— WHAT THE TASK REQUIRES —
Within the entries below, the lines from the one with "are you a good candidate for veneers" through the one with "The Ordinary Exfoliating" are to be set down exactly, both ends kept.

(Beginning of DATA RECORDS)

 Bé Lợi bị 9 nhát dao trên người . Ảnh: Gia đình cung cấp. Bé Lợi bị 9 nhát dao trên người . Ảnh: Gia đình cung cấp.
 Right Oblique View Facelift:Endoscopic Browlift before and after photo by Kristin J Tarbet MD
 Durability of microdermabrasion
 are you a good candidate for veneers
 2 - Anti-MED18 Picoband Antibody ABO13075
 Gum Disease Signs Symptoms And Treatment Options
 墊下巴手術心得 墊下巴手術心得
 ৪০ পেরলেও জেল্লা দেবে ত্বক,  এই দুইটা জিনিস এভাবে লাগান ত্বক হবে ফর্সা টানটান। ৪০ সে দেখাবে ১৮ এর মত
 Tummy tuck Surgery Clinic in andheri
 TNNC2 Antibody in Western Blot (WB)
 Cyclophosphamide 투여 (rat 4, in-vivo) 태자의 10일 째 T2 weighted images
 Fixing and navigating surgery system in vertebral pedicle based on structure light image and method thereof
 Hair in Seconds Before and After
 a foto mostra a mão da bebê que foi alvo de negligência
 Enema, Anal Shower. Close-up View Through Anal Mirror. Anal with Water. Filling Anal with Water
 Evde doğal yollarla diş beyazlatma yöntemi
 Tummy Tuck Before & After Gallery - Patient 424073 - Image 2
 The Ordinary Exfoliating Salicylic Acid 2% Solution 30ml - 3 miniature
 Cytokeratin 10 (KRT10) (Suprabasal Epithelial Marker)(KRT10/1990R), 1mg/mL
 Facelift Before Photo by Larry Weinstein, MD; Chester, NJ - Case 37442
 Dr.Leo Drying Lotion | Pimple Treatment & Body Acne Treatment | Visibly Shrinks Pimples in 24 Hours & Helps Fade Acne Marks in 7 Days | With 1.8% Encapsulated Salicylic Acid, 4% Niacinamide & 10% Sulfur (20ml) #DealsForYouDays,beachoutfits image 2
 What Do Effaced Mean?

(End of DATA RECORDS)

— YOUR SOLUTION —
 are you a good candidate for veneers
 2 - Anti-MED18 Picoband Antibody ABO13075
 Gum Disease Signs Symptoms And Treatment Options
 墊下巴手術心得 墊下巴手術心得
 ৪০ পেরলেও জেল্লা দেবে ত্বক,  এই দুইটা জিনিস এভাবে লাগান ত্বক হবে ফর্সা টানটান। ৪০ সে দেখাবে ১৮ এর মত
 Tummy tuck Surgery Clinic in andheri
 TNNC2 Antibody in Western Blot (WB)
 Cyclophosphamide 투여 (rat 4, in-vivo) 태자의 10일 째 T2 weighted images
 Fixing and navigating surgery system in vertebral pedicle based on structure light image and method thereof
 Hair in Seconds Before and After
 a foto mostra a mão da bebê que foi alvo de negligência
 Enema, Anal Shower. Close-up View Through Anal Mirror. Anal with Water. Filling Anal with Water
 Evde doğal yollarla diş beyazlatma yöntemi
 Tummy Tuck Before & After Gallery - Patient 424073 - Image 2
 The Ordinary Exfoliating Salicylic Acid 2% Solution 30ml - 3 miniature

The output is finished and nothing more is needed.